▶ [INSTRUCTIONS FOR THE TASK]:
Transcribe exactly, please, the lines from the one containing "Luminous Artificial Simulated" through the end of the records below, and leave out the pictures.

-- SOURCE INFORMATION follows --

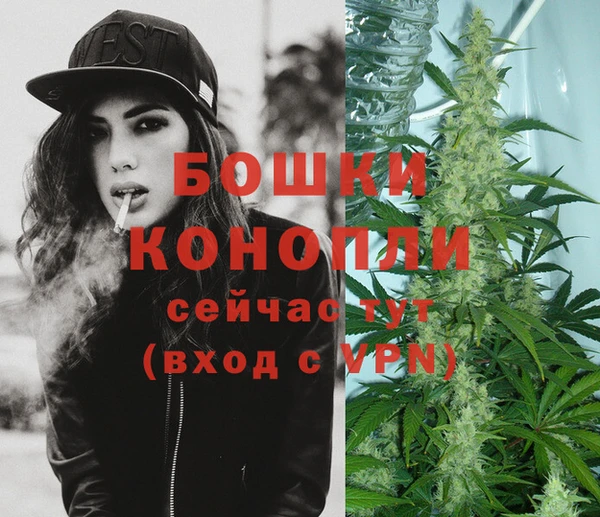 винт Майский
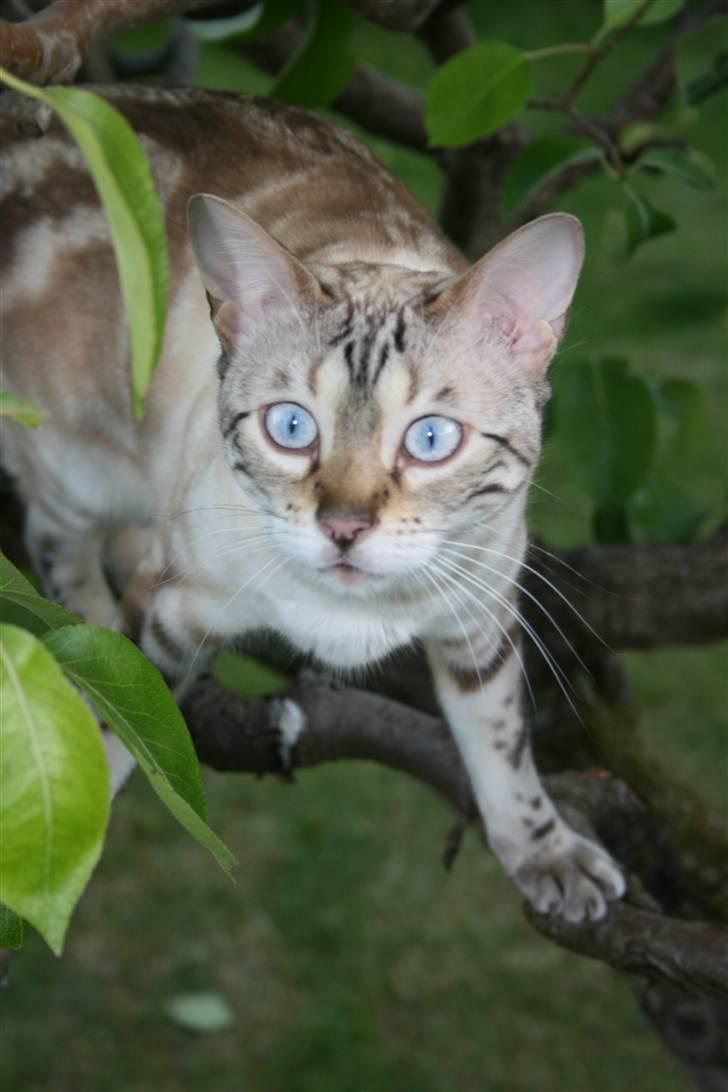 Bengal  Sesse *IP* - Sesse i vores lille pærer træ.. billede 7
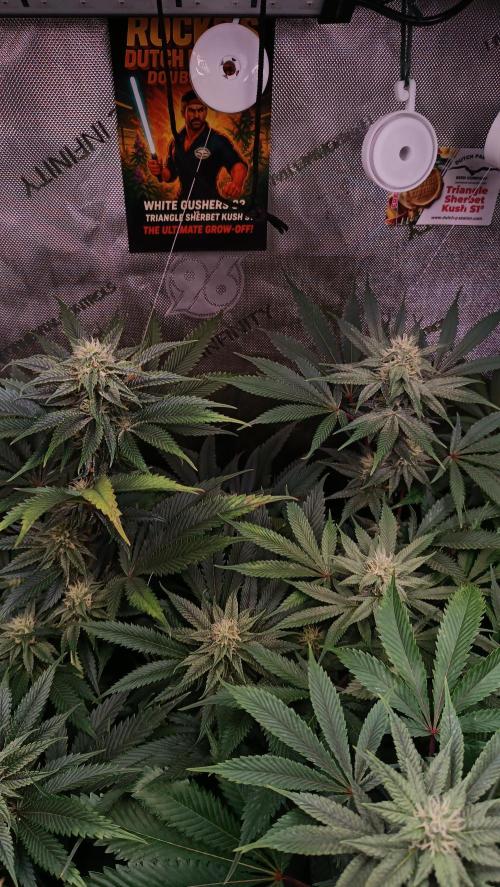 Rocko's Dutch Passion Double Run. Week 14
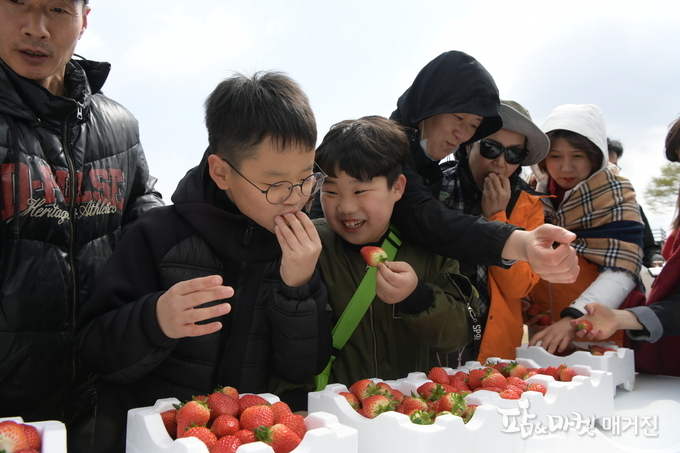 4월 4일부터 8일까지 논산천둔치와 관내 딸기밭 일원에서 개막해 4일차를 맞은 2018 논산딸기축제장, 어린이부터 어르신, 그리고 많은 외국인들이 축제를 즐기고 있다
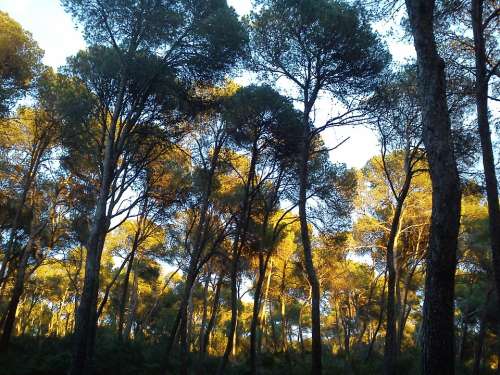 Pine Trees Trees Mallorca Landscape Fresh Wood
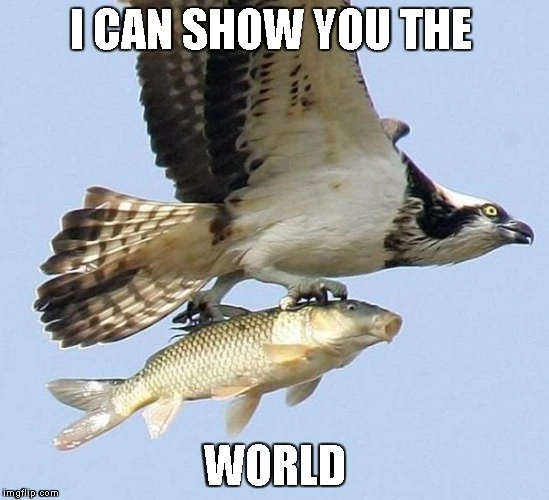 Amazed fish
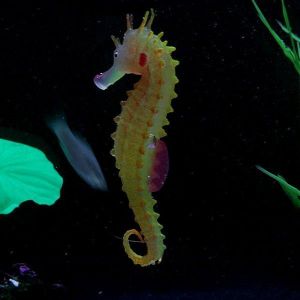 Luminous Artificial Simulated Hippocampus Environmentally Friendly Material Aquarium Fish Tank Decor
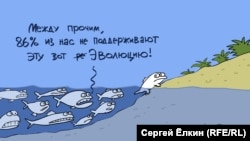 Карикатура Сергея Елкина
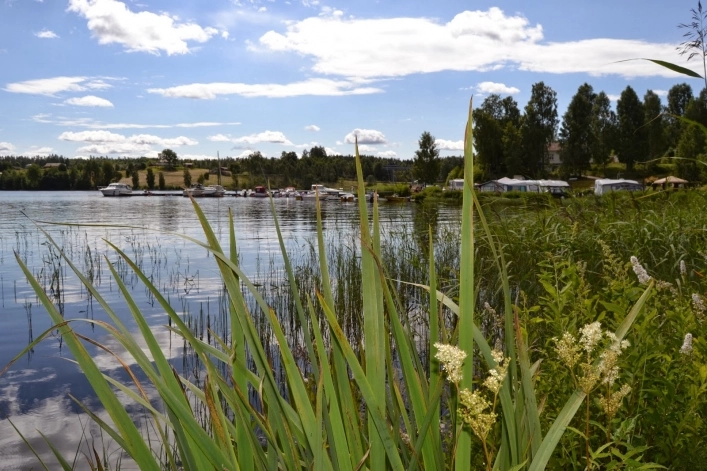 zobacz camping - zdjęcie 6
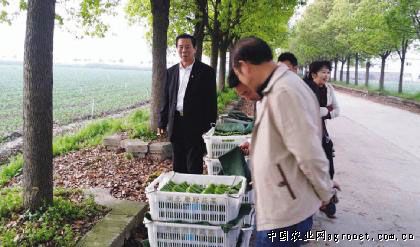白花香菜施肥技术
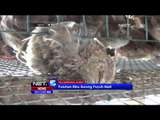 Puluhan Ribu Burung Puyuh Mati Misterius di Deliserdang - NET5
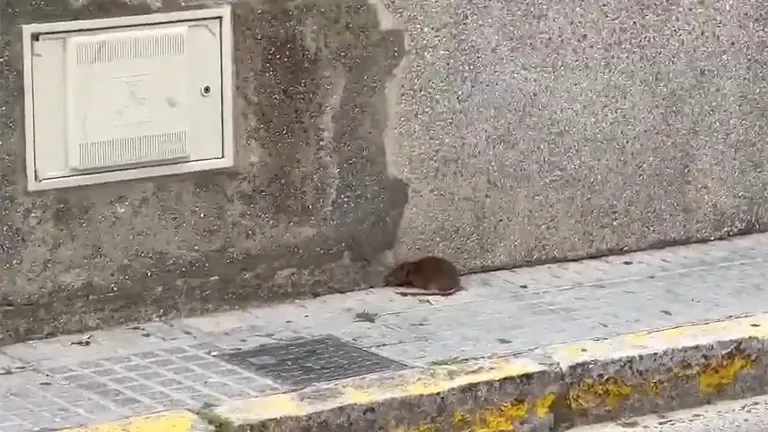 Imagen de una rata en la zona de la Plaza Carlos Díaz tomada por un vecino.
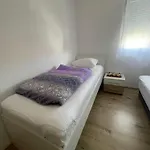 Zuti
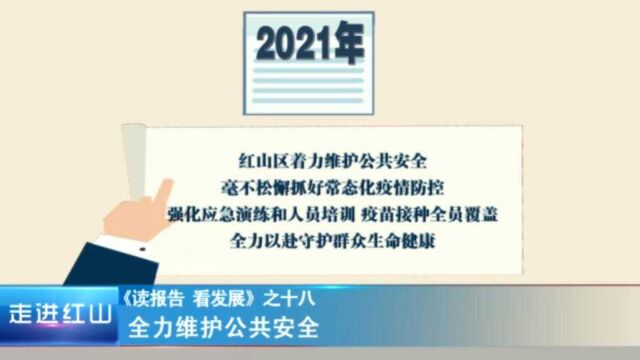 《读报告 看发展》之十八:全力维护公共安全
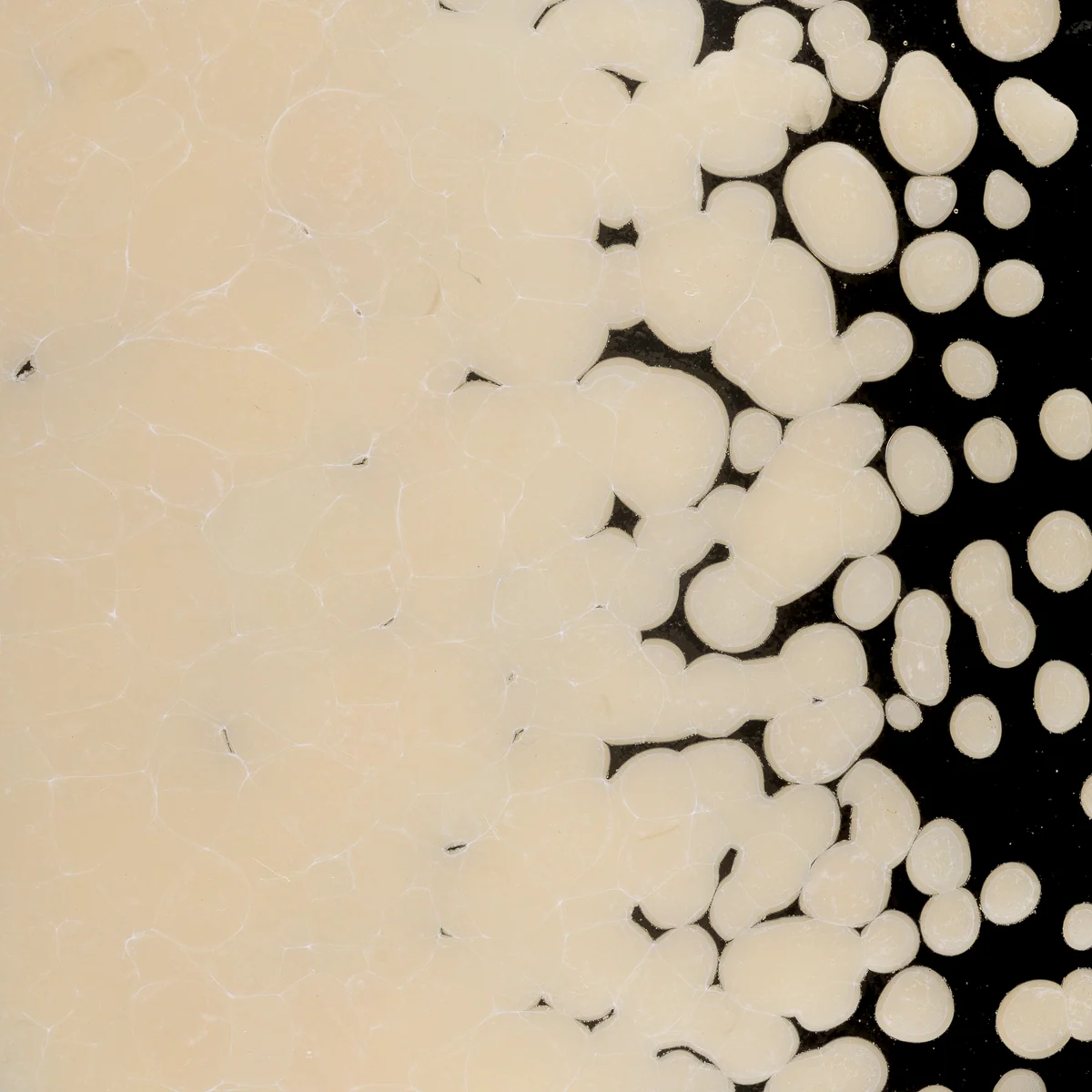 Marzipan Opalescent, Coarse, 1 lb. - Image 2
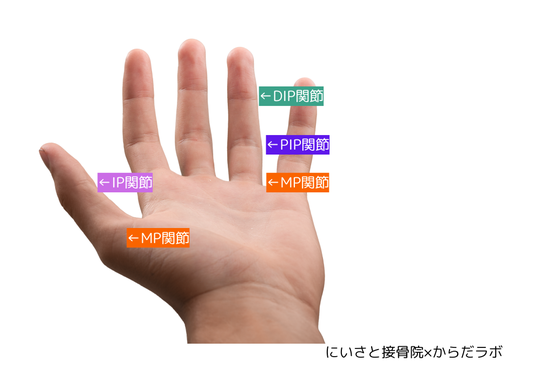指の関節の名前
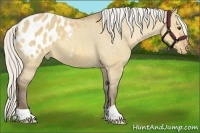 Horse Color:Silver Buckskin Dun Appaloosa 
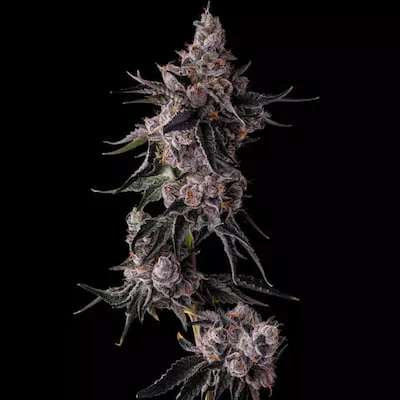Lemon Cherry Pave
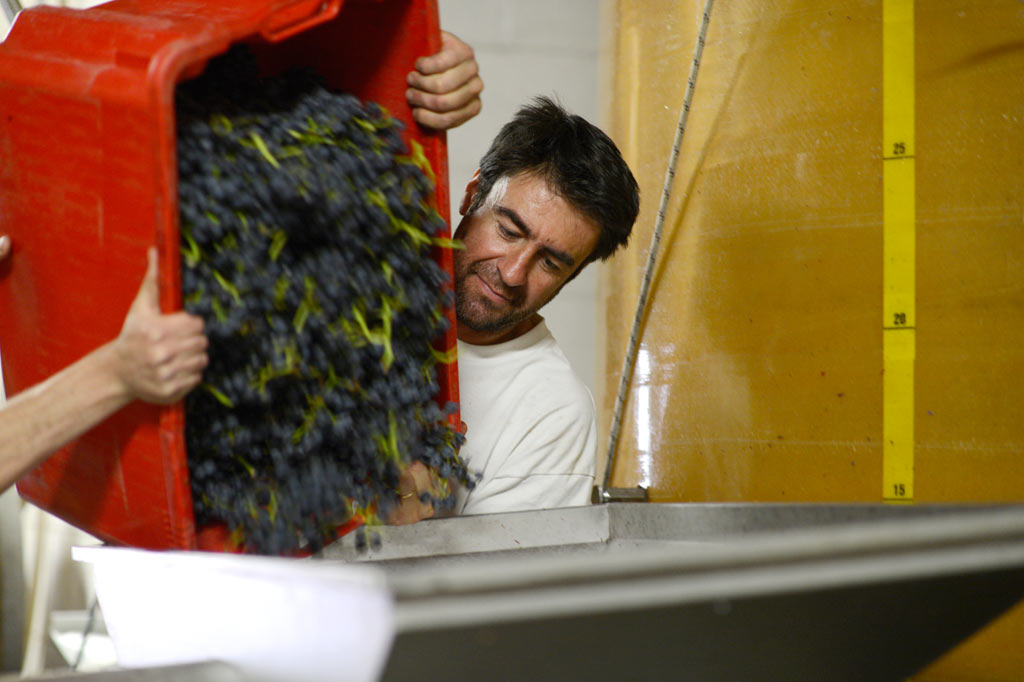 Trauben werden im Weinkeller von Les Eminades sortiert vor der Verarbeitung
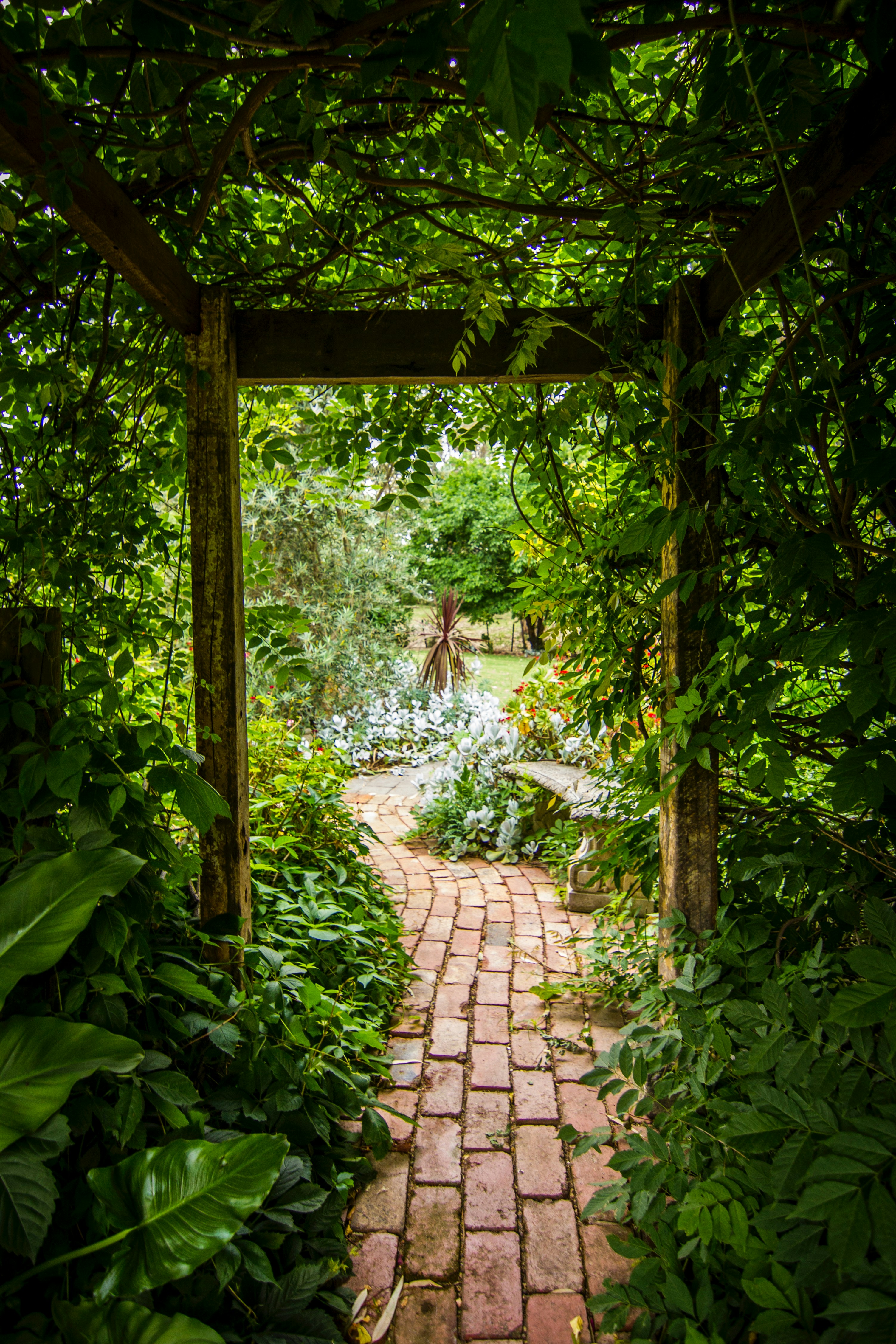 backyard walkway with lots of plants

-- SOURCE INFORMATION concluded --

▶ [ANSWER FOR THIS EXERCISE]:
 Luminous Artificial Simulated Hippocampus Environmentally Friendly Material Aquarium Fish Tank Decor
 Карикатура Сергея Елкина
 zobacz camping - zdjęcie 6
白花香菜施肥技术
 Puluhan Ribu Burung Puyuh Mati Misterius di Deliserdang - NET5
 Imagen de una rata en la zona de la Plaza Carlos Díaz tomada por un vecino.
 Zuti
 《读报告 看发展》之十八:全力维护公共安全
 Marzipan Opalescent, Coarse, 1 lb. - Image 2
指の関節の名前
 Horse Color:Silver Buckskin Dun Appaloosa 
Lemon Cherry Pave
 Trauben werden im Weinkeller von Les Eminades sortiert vor der Verarbeitung
 backyard walkway with lots of plants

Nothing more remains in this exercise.